Sun Jieran, Biharie Kirti, Cai Peiying, Müller-Bötticher Niklas, Kiessling Paul, Turner Meghan A, Dam Søren H, Heyl Florian, Kathirchelvan Sarusan, Emons Martin, Gunz Samuel, Twardziok Sven, El-Heliebi Amin, Zacharias Martin, Eils Roland, Reinders Marcel, Gottardo Raphael, Kuppe Christoph, Long Brian, Mahfouz Ahmed, Robinson Mark D, Ishaque Naveed
Biomedical Data Science Center, Centre Hospitalier Universitaire Vaudois, Rue du Bugnon 21, 1011 Lausanne, Switzerland.
Department of Human Genetics, Leiden University Medical Center, Einthovenweg 20, 2333 ZC Leiden, Netherlands.
bioRxiv. 2025 Jun 27:2025.06.23.660861. doi: 10.1101/2025.06.23.660861.

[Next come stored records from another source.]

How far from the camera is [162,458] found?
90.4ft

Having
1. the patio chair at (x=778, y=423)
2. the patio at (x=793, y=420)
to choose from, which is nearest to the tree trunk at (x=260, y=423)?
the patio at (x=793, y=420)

Spatial omics technologies have revolutionized the study of tissue architecture and cellular heterogeneity by integrating molecular profiles with spatial localization. In spatially resolved transcriptomics, delineating higher-order anatomical structures is critical for understanding how cellular organization affects tissue and organ function. Since 2020, more than 50 spatially aware clustering (SAC) methods have been developed for this purpose. However, the reliability of current benchmarks is undermined by their narrow focus on Visium and brain tissue datasets, as well as incorrect interpretation of manual annotation as ground truth. Here, we present SACCELERATOR, a community-driven, extensible framework that standardizes data formatting, method integration, and metric evaluation, and is designed to rapidly incorporate new methods and datasets. SACCELERATOR currently includes 22 SAC methods applied to 15 datasets spanning 9 technologies and diverse tissue types. Our analysis revealed substantial limitations in the generalizability and reproducibility of SAC methods across tissues and platforms. We also demonstrate that anatomical labels commonly used as ground truths are often biased, potentially error-prone, and, in some cases, unsuitable for benchmarking efforts. Rather than scoring and comparing methods, we propose a consensus-guided workflow that aggregates clustering results to generate consensus representations. Descriptive spatial metrics highlight areas of high entropy where method disagreement is highest, enabling targeted feedback for tissue experts. Applied to brain and cancer datasets, this approach uncovered biologically meaningful patterns overlooked by individual methods and manual annotations. Our results underscore the need for iterative, expert-in-the-loop analysis and reveal that traditional evaluation metrics do not always capture the subjective qualities of results. By improving tissue annotation and addressing key benchmarking limitations, SACCELERATOR provides a robust foundation for advancing spatial omics research.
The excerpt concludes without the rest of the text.